WIEN taz | Welk und viel zu klein steht der Mais auf den Feldern Niederösterreichs. Die Kartoffelernte ist ungewiss, die Milchkühe auf den Almweiden finden nicht mehr genug frisches Gras. Österreichs Landwirtschaft leidet unter einer historischen Dürre. Vereinzelte Niederschläge am vergangenen Wochenende haben in manchen Gebieten mehr Schaden als Nutzen angerichtet.
Anfang Juni standen noch weite Landstriche in Salzburg, Oberösterreich und Niederösterreich unter Wasser.
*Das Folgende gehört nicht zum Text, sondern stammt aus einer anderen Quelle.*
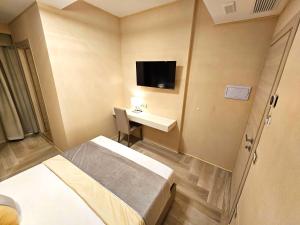 Habitación con cama, escritorio y TV. en Astoria Supreme - Modern Boutique Suites en Lecce
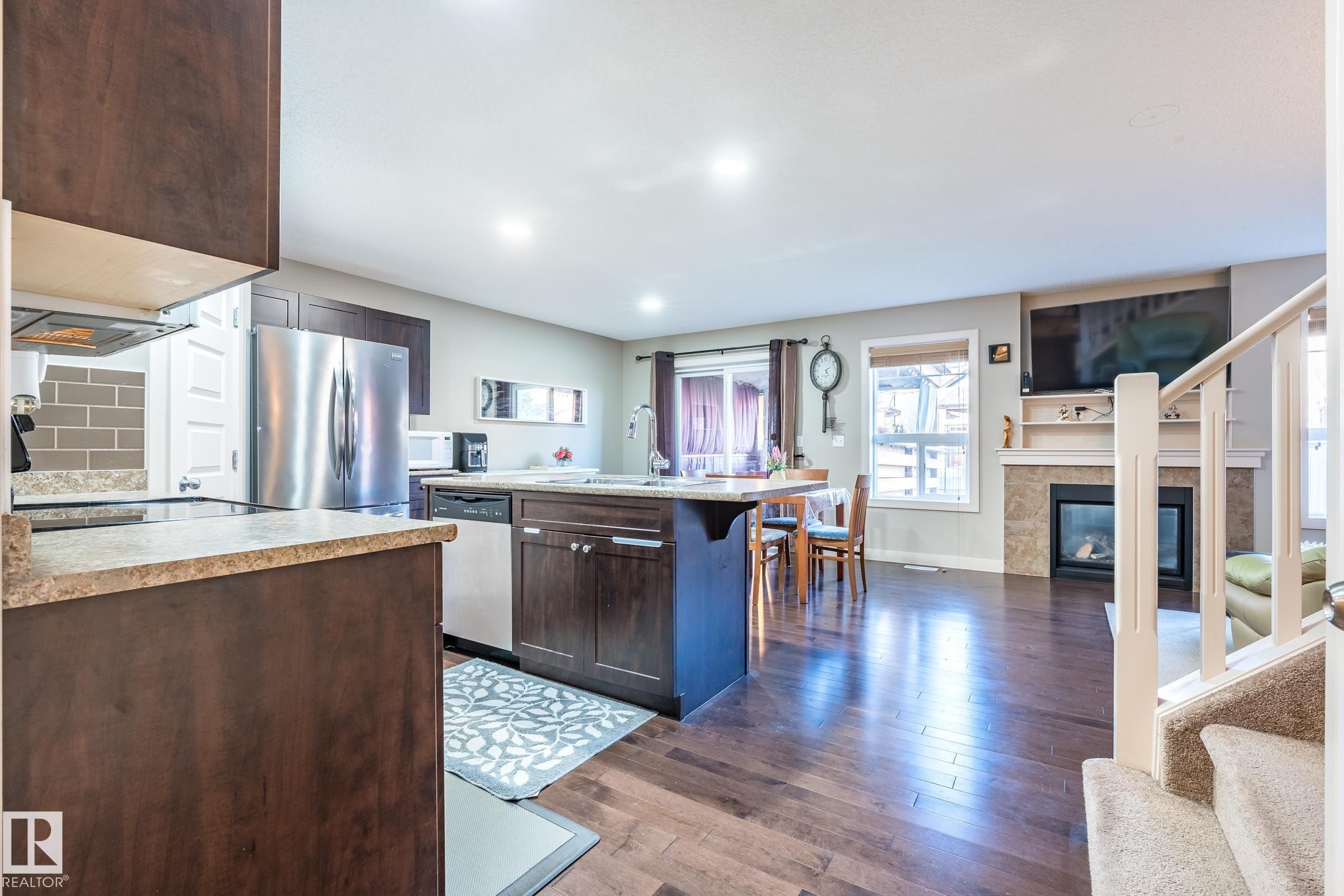 1692 Cunningham Way, Edmonton, AB - Indoor Photo Showing Kitchen With Fireplace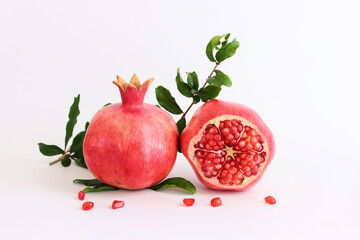 Rosh hashanah (jewish New Year holiday) concept. Pomegranate traditional symbol over white background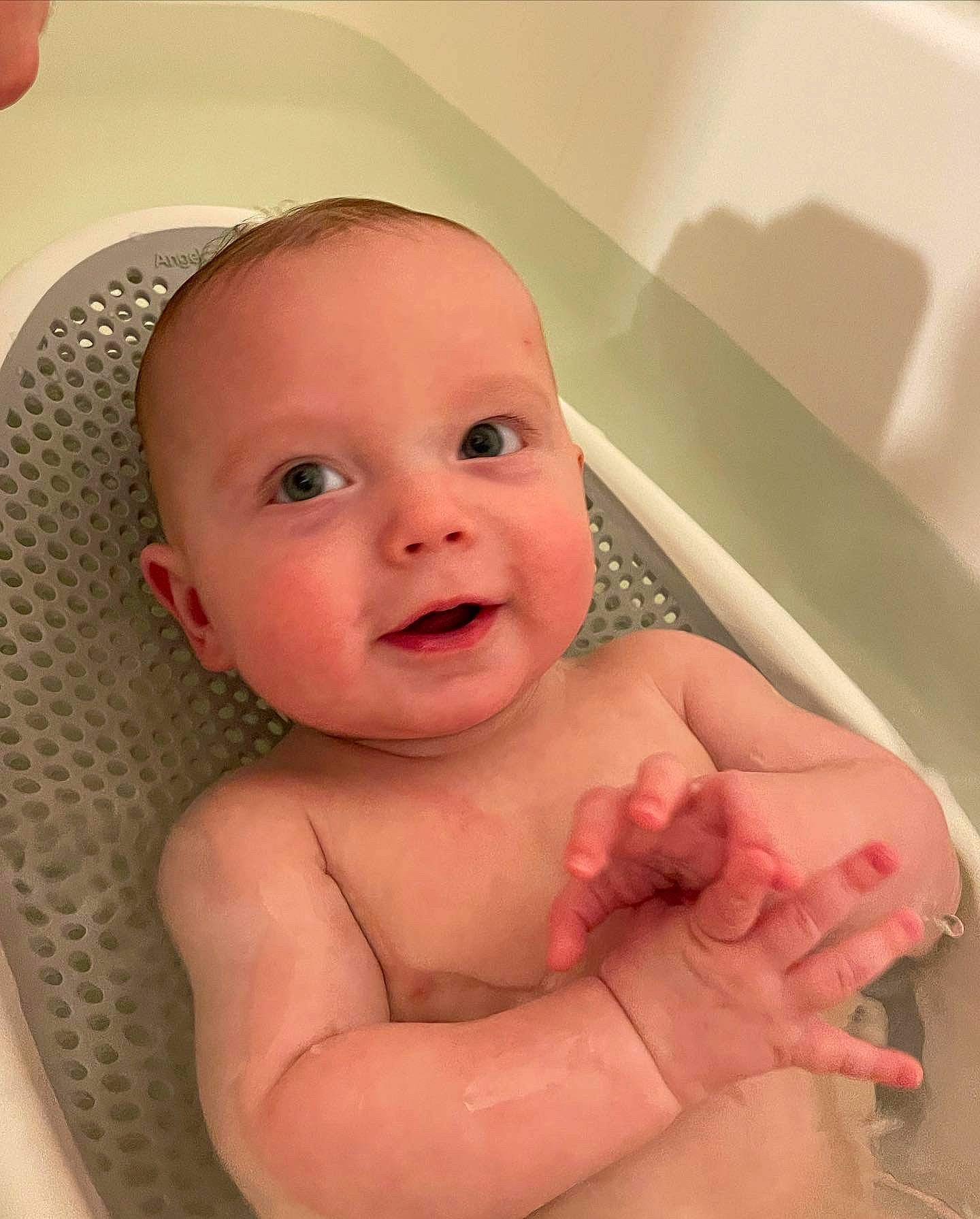 Bradley is registered to the contest to win money with this photo: baby, baby_bathing, bathing, bathroom, bathtub, cheek, chin, eye, eyebrow, face, fluid, iris, lip, mouth, nose, person, pink, skin, smile, stomach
Auf das zweite „Jahrhunderthochwasser“ binnen elf Jahren folgte der trockenste Juli seit 155 Jahren. Letzte Woche wurden mit über 40 Grad die höchsten Temperaturen seit Beginn der meteorologischen Aufzeichnungen im 18. Jahrhundert gemessen. Das bringt viele Landwirte in Existenzkrisen.
Der Mais will nicht wachsen. Auch Soja und Sonnenblumen – Herbstkulturen wie der Mais – gedeihen unter der Hitze nicht. „Alles, was jetzt noch auf dem Feld ist, leidet bei Temperaturen um 40 Grad Celsius und hat das Wachstum eingestellt“, sagt Franz Stefan Hautzinger, Aufsichtsratschef der zentralen Markt- und Preisberichterstattungsstelle Agrarmarkt Austria (AMA).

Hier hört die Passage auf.